Provided material:
━━━━━━━━━━━━━━━━

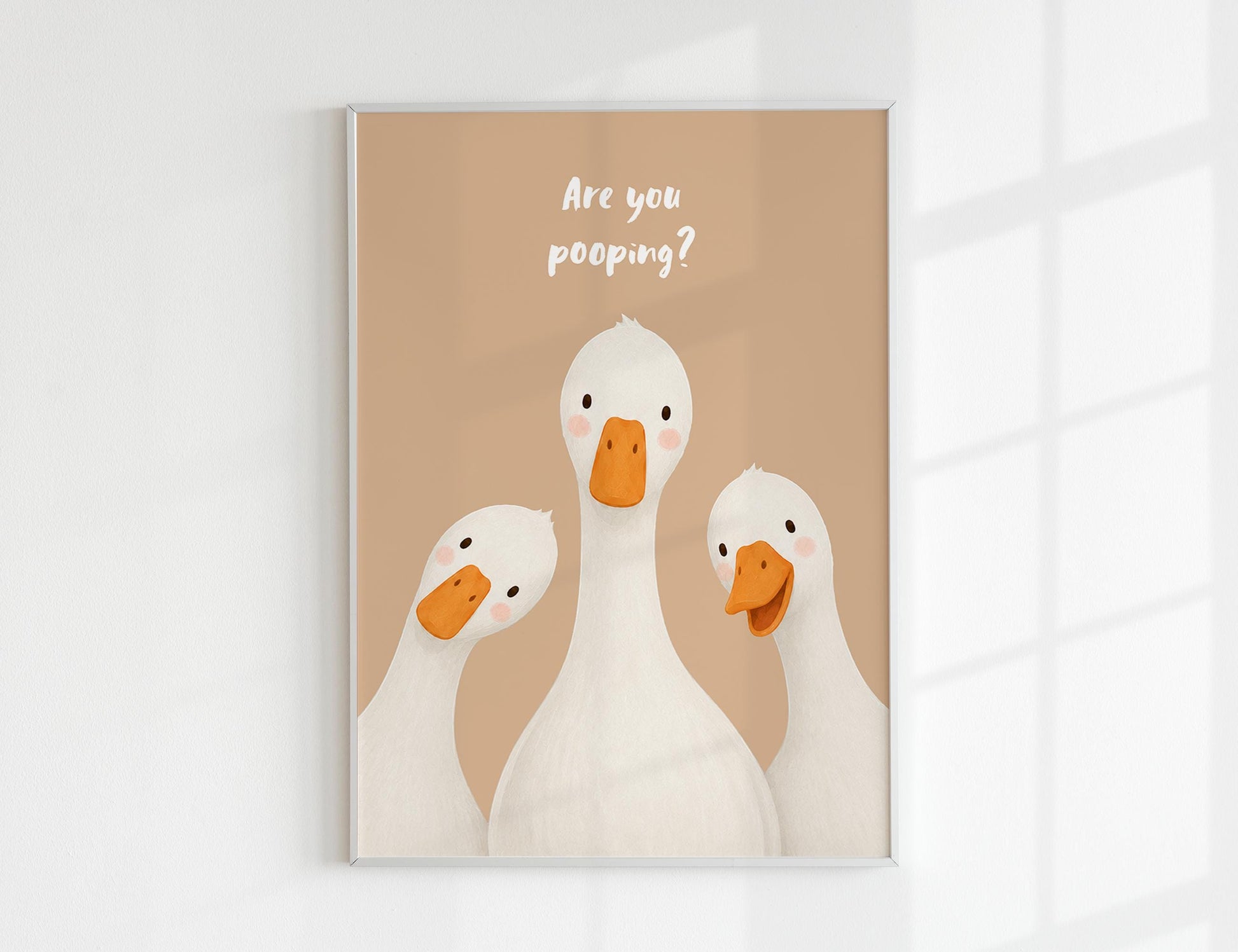 Are You Pooping print, funny bathroom wall art featuring three cute white geese with orange beaks and rosy cheeks on a soft coloured background, whimsical illustrated toilet humour poster also loved as duck art and silly goose art, available in 11 colours including pink jade olive yellow forest green blue sky blonde blue dusk grey claret indigo and white, perfect housewarming gift for powder rooms guest bathrooms and quirky interiors, printed on premium 260gsm satin lustre paper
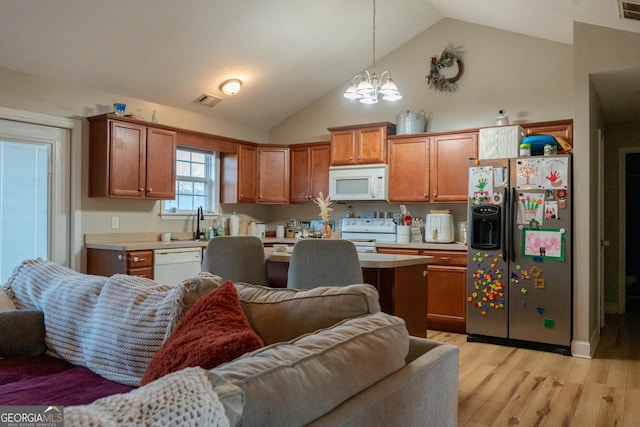 kitchen featuring lofted ceiling, hanging light fixtures, light wood-type flooring, a notable chandelier, and white appliances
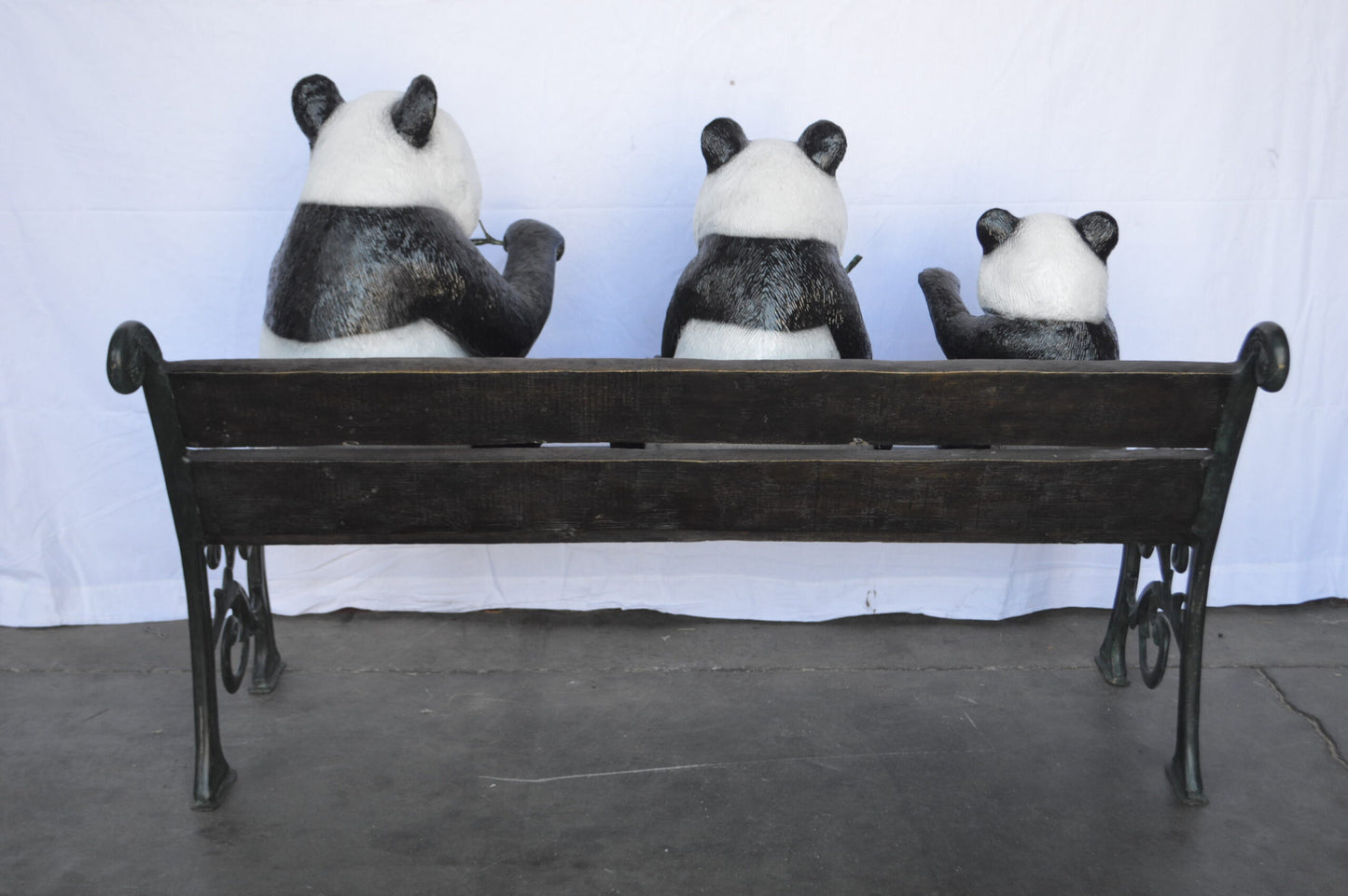 Three Panda Bears Sitting on Bench Bronze Statue - Size: 53"L x 28"W x 36"H.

━━━━━━━━━━━━━━━━

Required work: The reply should contain every line of the material exactly, and no images.

Task output:
 Are You Pooping print, funny bathroom wall art featuring three cute white geese with orange beaks and rosy cheeks on a soft coloured background, whimsical illustrated toilet humour poster also loved as duck art and silly goose art, available in 11 colours including pink jade olive yellow forest green blue sky blonde blue dusk grey claret indigo and white, perfect housewarming gift for powder rooms guest bathrooms and quirky interiors, printed on premium 260gsm satin lustre paper
 kitchen featuring lofted ceiling, hanging light fixtures, light wood-type flooring, a notable chandelier, and white appliances
 Three Panda Bears Sitting on Bench Bronze Statue - Size: 53"L x 28"W x 36"H.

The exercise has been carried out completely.